In [1]:
workdir = "/YOUR/LOCAL/DIR"
runname = "trials"


def model_name_normalize(model_name: str) -> str:
    return model_name.replace("/", "-").replace(" ", "-").replace(".", "-")

## CoT elicitation

In [None]:
from src.llm import query_llm_with_instructions_parallel
import os
import json

directory = os.path.join(workdir, "assets/instructions")

instruction_set = set()

for filename in os.listdir(directory):
    if filename.endswith(".json"):
        file_path = os.path.join(directory, filename)

        with open(file_path, "r", encoding="utf-8") as f:
            try:
                data = json.load(f)
                for item in data.get("instructions", []):
                    instruction = item.get("instruction", "").strip()
                    if instruction:
                        instruction_set.add(instruction)
            except json.JSONDecodeError:
                print(f"File {file_path} could not be parsed as JSON, skipped.")

instructions = list(instruction_set)

models = ["gpt-4o"]

gen_kwargs = {
    "temperature": 0.6,
    "top_p": 0.95,
}
output_dir_base = os.path.join(workdir, "assets/results", runname, "responses")

if not os.path.exists(output_dir_base):
    os.makedirs(output_dir_base, exist_ok=True)

for model in models:
    output_dir = os.path.join(output_dir_base)
    if not os.path.exists(output_dir):
        os.makedirs(output_dir)
    results = query_llm_with_instructions_parallel(
        model, instructions[:10], num_workers=32, output_dir_base=output_dir, **gen_kwargs
    )

## Habit Extraction

In [None]:
import json
import os
import re
import concurrent.futures
from collections import Counter, defaultdict
from src.tools import judge_habit_occurrence_by_showing_evidence_with_format_enforcement_system, habit_example_mapping

models = [
    "gpt-4o"
]

output_base_path = os.path.join(workdir, "assets/results", runname)
os.makedirs(output_base_path, exist_ok=True)
response_output_path = os.path.join(output_base_path, "responses")
if not os.path.exists(response_output_path):
    raise ValueError(f"Response output path {response_output_path} does not exist")
annotation_output_path = os.path.join(output_base_path, "annotations")
os.makedirs(annotation_output_path, exist_ok=True)
habit_count_dir = os.path.join(output_base_path, "habit_counts")
os.makedirs(habit_count_dir, exist_ok=True)


instructions_base = os.path.join(workdir, "assets/instructions")


def clean_habit_name(habit_key: str) -> str:
    return re.sub(r"[^a-zA-Z0-9_-]", "", habit_key.replace(" ", "_"))
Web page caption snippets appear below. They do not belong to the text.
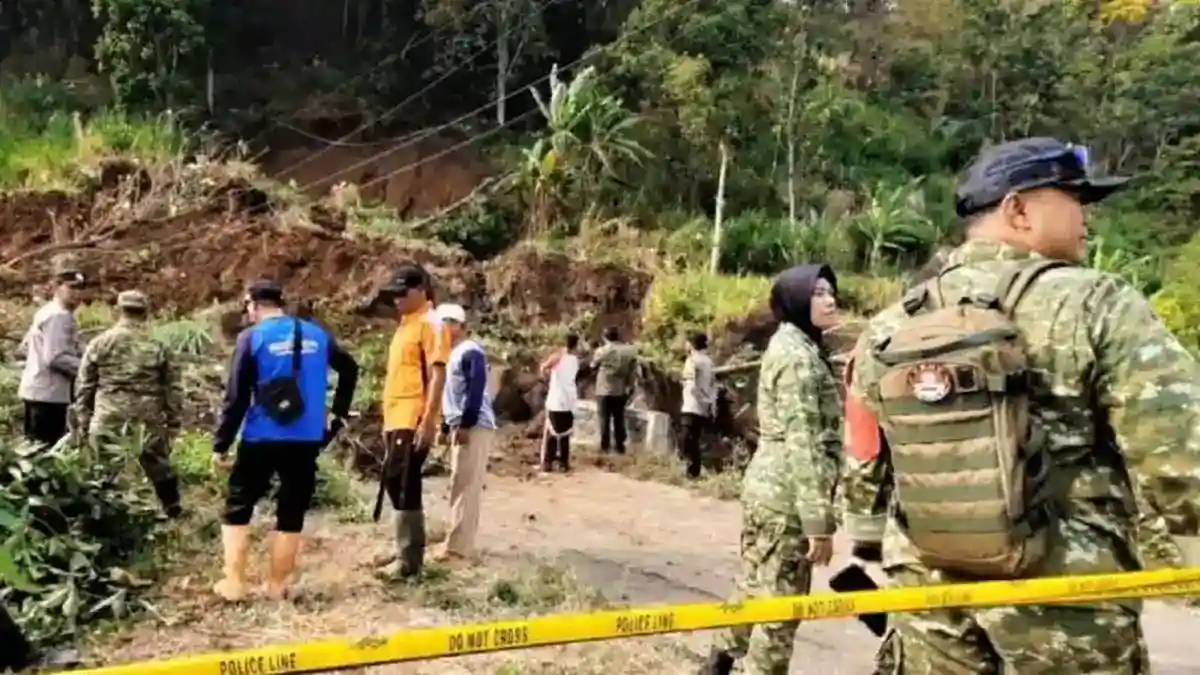 Longsor di Panekan Putus Akses Tapak–Sukowidi, Evakuasi Perlu Alat Berat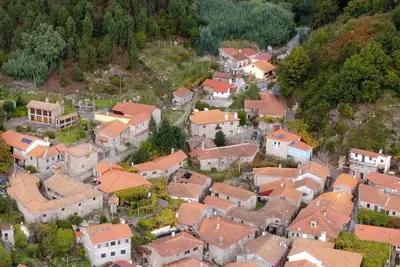 Visitez Geres (Apart. T0) Bienvenue à Geres T0 plat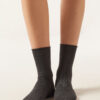 Kurze Socken aus Wolle und Baumwolle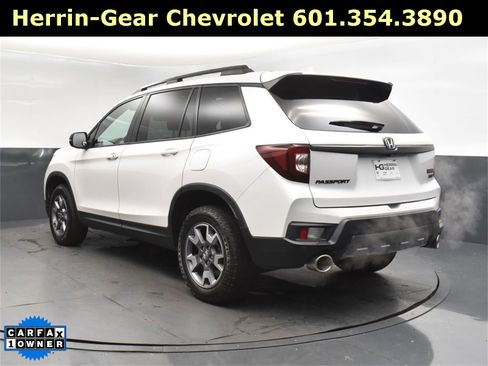 Used 2023 Honda Passport TrailSport image 5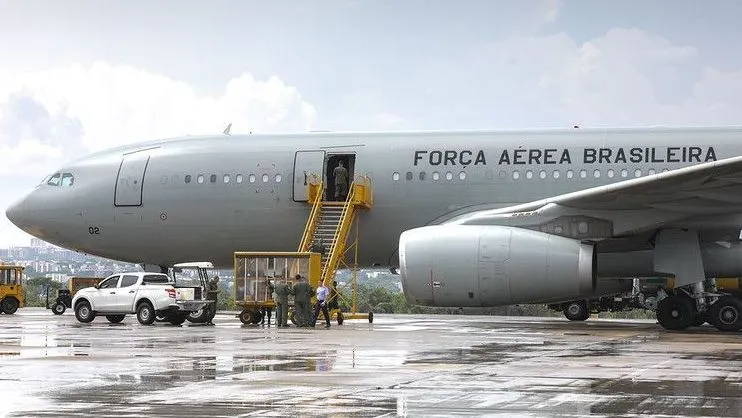 Voo da FAB que irá resgatar brasileiros no Líbano sofre atraso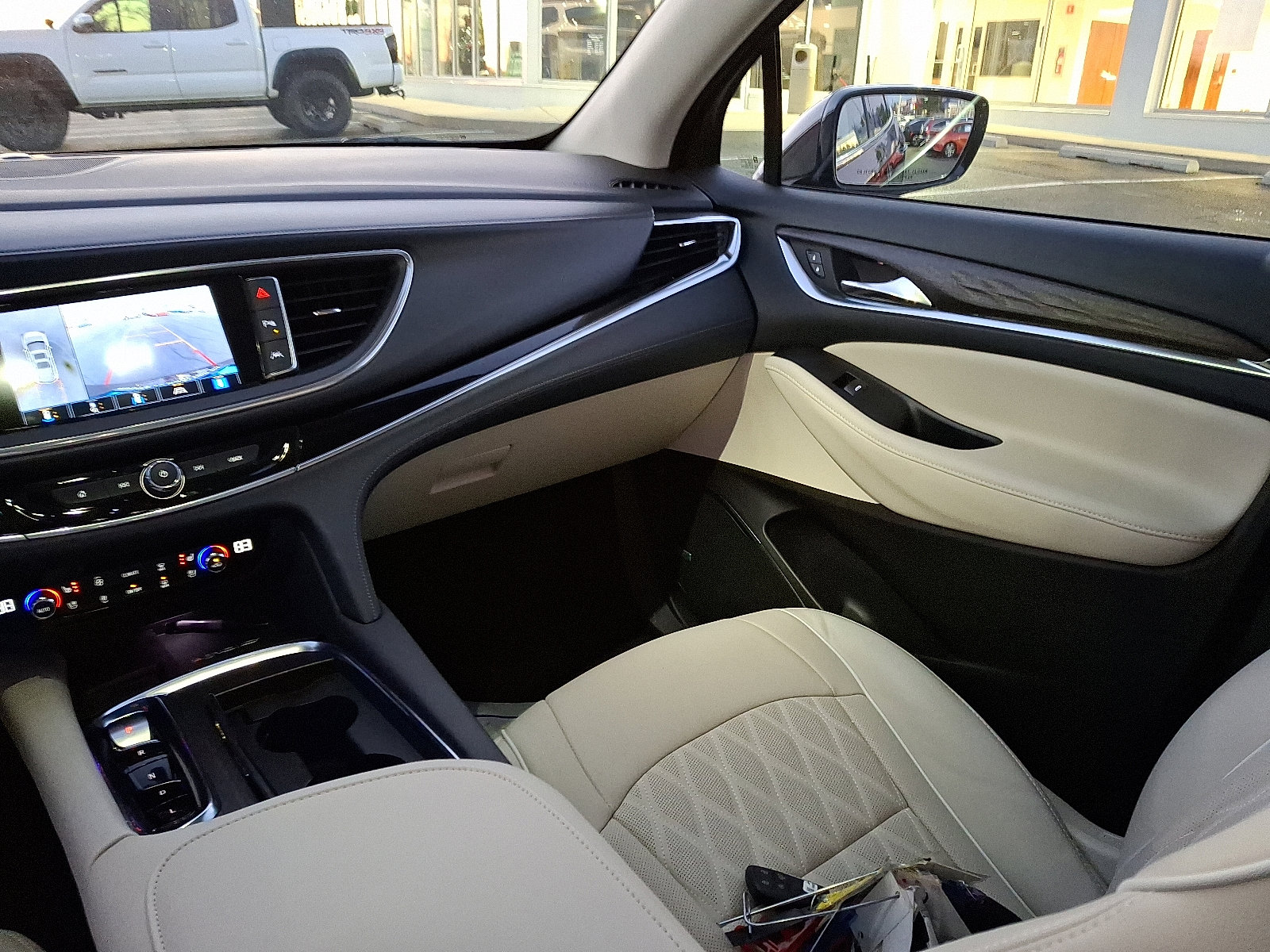 Certified 2024 Buick Enclave Avenir w/ Avenir Technology Package image 16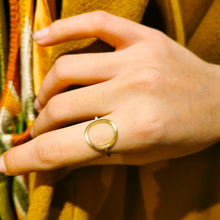 Carica l'immagine nel visualizzatore di Gallery, Anello con forma a cerchio in ottone - Pezzo unico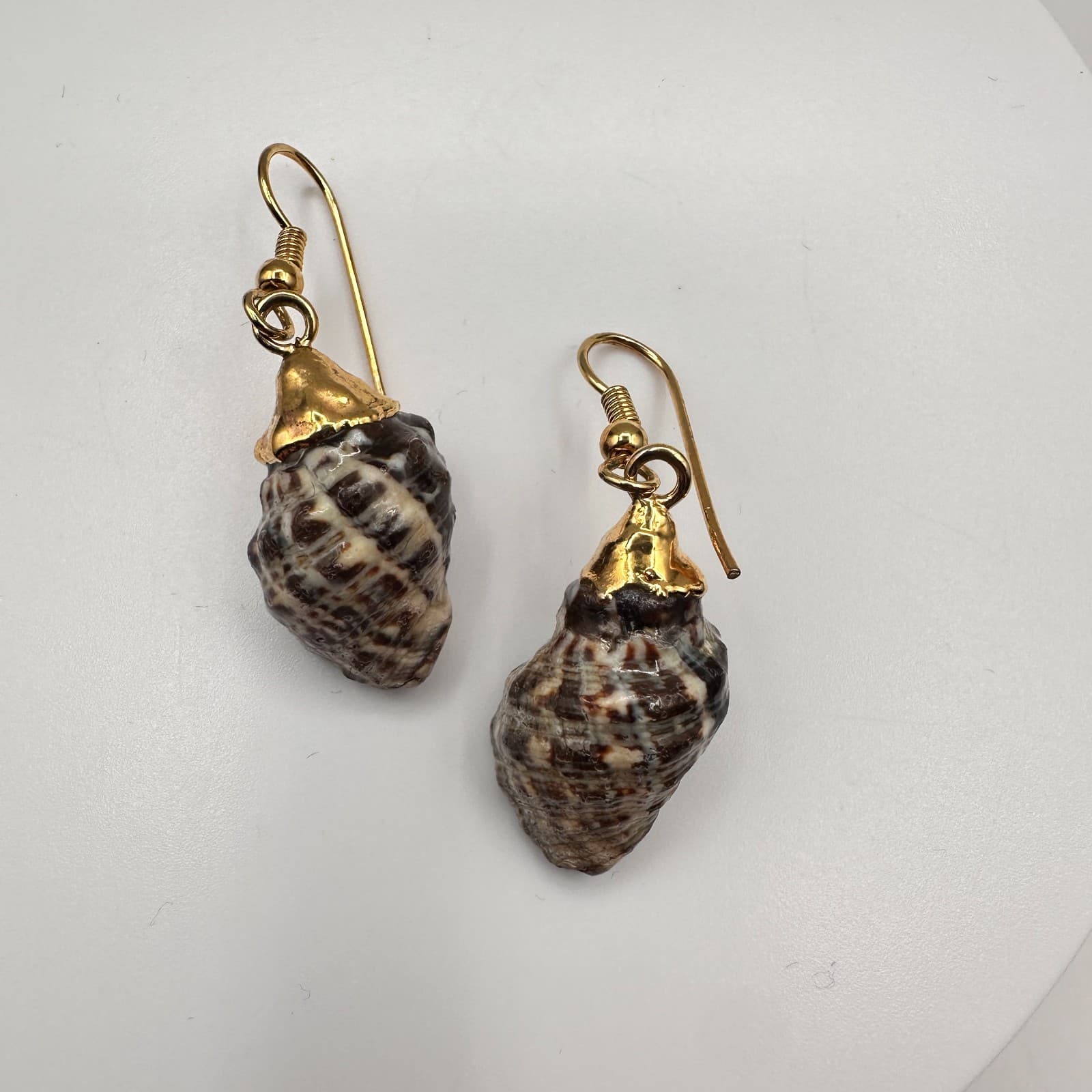 Vintage 90s Sea Shell Dangle Earrings Gold Tone Beach Women's Classic Jewelry - Image 1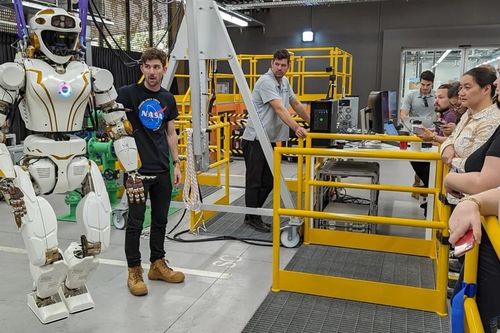 Ra mắt robot thế hệ mới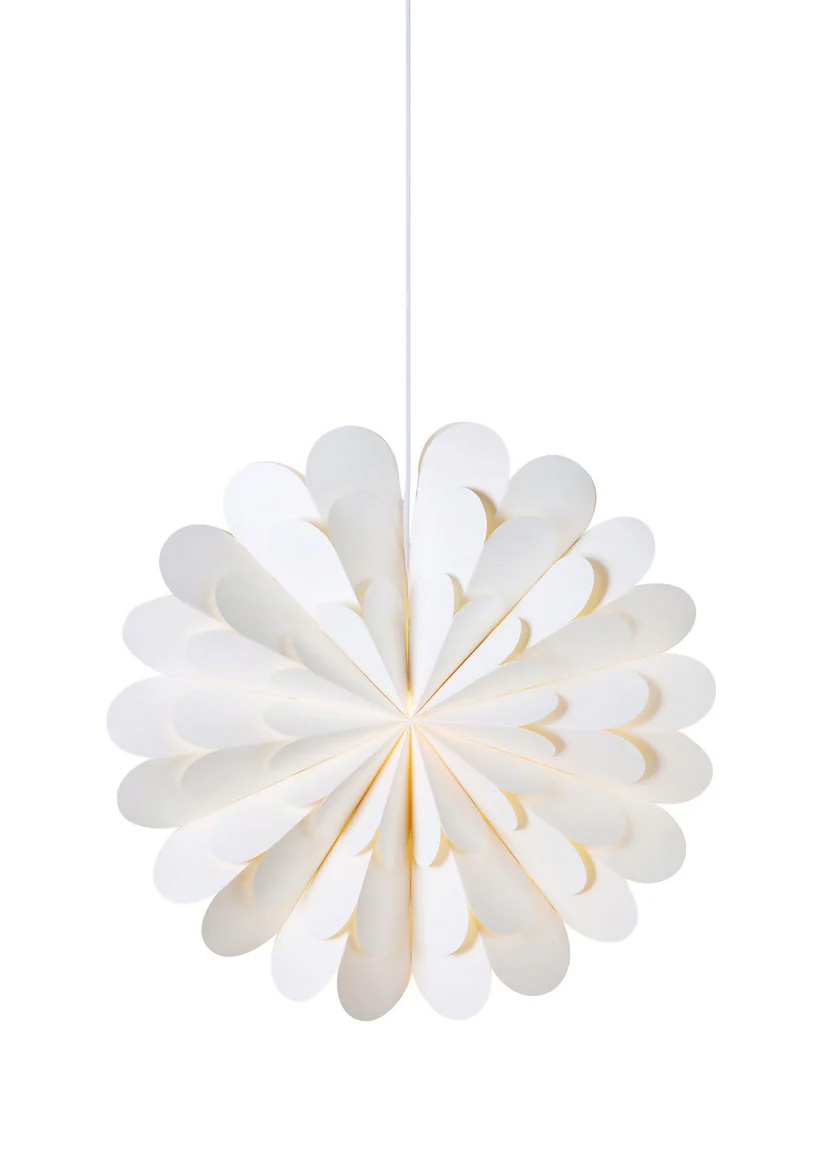 Maravilla Ø60 Weiß Von Markslöjd - Das Design ist schlicht und stilvoll, ohne goldene Details, und stellt somit eine hervorragende Erg&auml;nzung zur beliebten Marigold-Serie dar, allerdings mit einem reduzierteren Ausdruck.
# Build mapping from instructions to habits
instruction_to_habits = defaultdict(list)
for habit_key in habit_example_mapping.keys():
    clean_name = clean_habit_name(habit_key)
    file_path = os.path.join(instructions_base, f"{clean_name}.json")
    if not os.path.exists(file_path):
        print(f"Warning: Missing habit file {file_path}")
        continue
    try:
        with open(file_path, "r", encoding="utf-8") as f:
            data = json.load(f)
            for instruction_entry in data.get("instructions", []):
                instruction = instruction_entry["instruction"].strip()
                instruction_to_habits[instruction].append(habit_key)
    except Exception as e:
        print(f"Error processing {file_path}: {str(e)}")
        continue

def process_habit_for_model(r, model, instruction_to_habits, processed_keys, fout, global_counter):
    instr = r["instruction"].strip()
    thinking = r["thinking"][model].strip()
    related_habits = instruction_to_habits.get(instr, [])
    if not related_habits:
        return None

    results = []
    for habit in related_habits:
        uniq_key = (instr, habit)
        if uniq_key in processed_keys:
            return None
        
        try:
            llm_result = judge_habit_occurrence_by_showing_evidence_with_format_enforcement_system(thinking=thinking, habit=habit)
            is_refl = bool(llm_result.get("is_reflected", False))
            judge_flag = 1 if is_refl else 0
            if is_refl:
                global_counter[habit] += 1

            rec = {
                "instruction": instr,
                "thinking": r["thinking"],
                "llm_judge": llm_result,
                "judge": judge_flag,
                "habit": habit
            }
            results.append(rec)
            processed_keys.add(uniq_key)
        except Exception as e:
            print(f"Error judging habit {habit} for model {model}: {str(e)}")
            return None
    return results

def parallel_processing_for_model(model):
    input_file_path = f"{response_output_path}/{model_name_normalize(model)}.jsonl"
    os.makedirs(os.path.dirname(input_file_path), exist_ok=True)
    annotated_output_file = os.path.join(annotation_output_path, f"{model_name_normalize(model)}.jsonl")
    os.makedirs(os.path.dirname(annotated_output_file), exist_ok=True)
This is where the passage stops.